*** Block opens ***

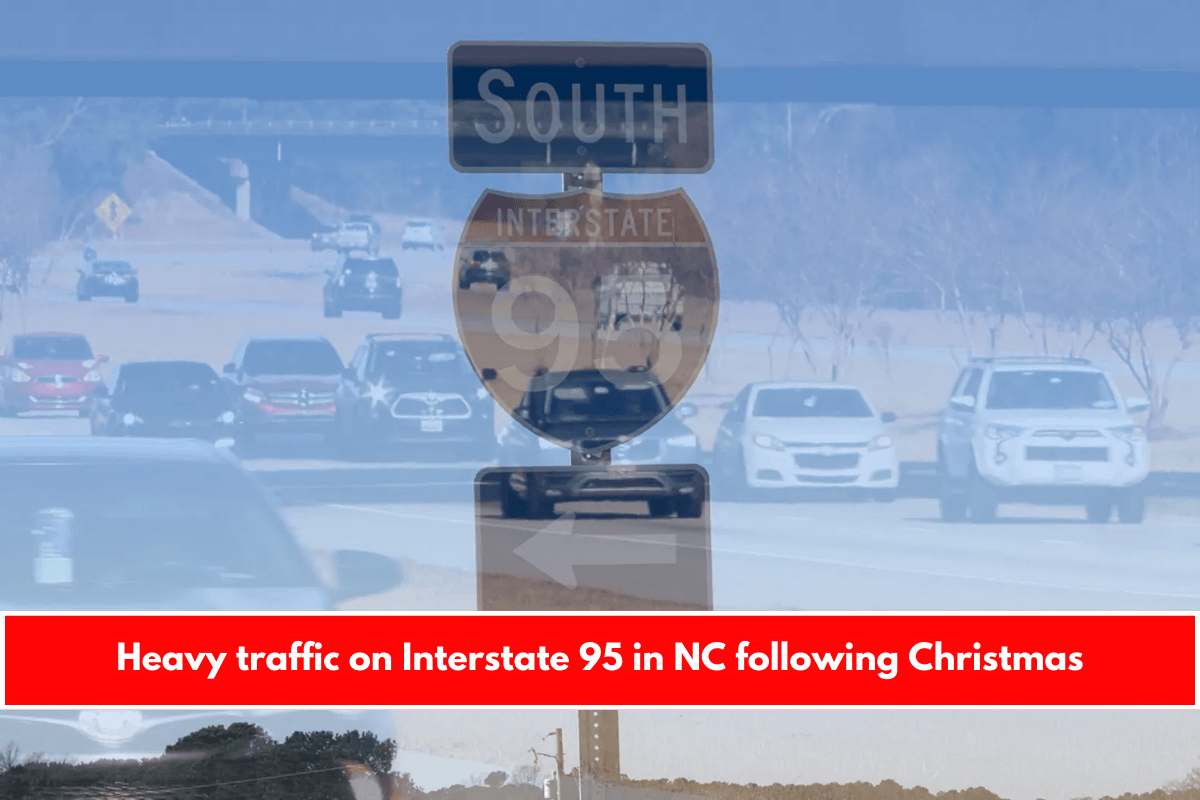 Heavy traffic on Interstate 95 in NC following Christmas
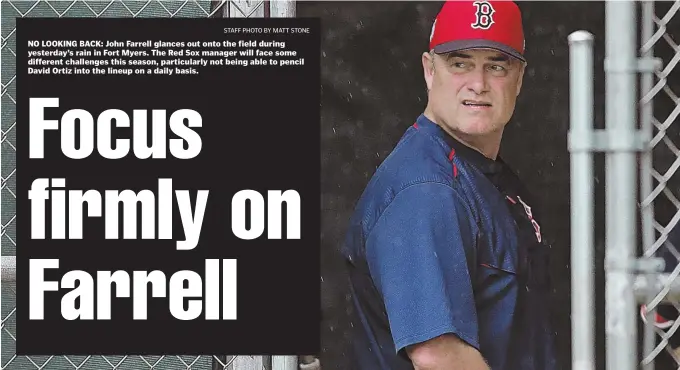  ?? STaffphoTo­ByMaTTsToN­E ?? NO LOOKING BACK: John Farrell glances out onto the field during yesterday’s rain in Fort Myers. The Red Sox manager will face some different challenges this season, particular­ly not being able to pencil David Ortiz into the lineup on a daily basis.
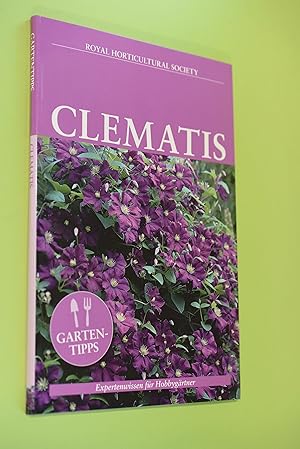 Bild des Verkufers fr Expertenwissen fr Hobbygrtner Clematis Garten-Tipps zum Verkauf von Antiquariat Biebusch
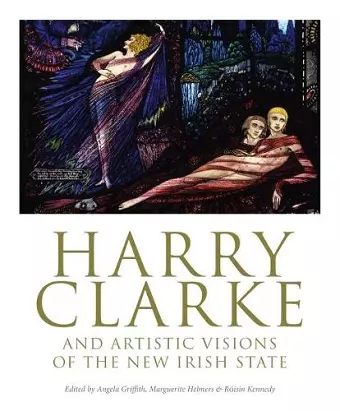 Harry Clarke and Artistic Visions of the New Irish State cover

*** Block closes ***

* TASK INSTRUCTIONS
The expected output is the material above, repeated exactly and free of pictures.

* ANSWER
 Heavy traffic on Interstate 95 in NC following Christmas
  ?? STaffphoTo­ByMaTTsToN­E ?? NO LOOKING BACK: John Farrell glances out onto the field during yesterday’s rain in Fort Myers. The Red Sox manager will face some different challenges this season, particular­ly not being able to pencil David Ortiz into the lineup on a daily basis.
 Bild des Verkufers fr Expertenwissen fr Hobbygrtner Clematis Garten-Tipps zum Verkauf von Antiquariat Biebusch
 Harry Clarke and Artistic Visions of the New Irish State cover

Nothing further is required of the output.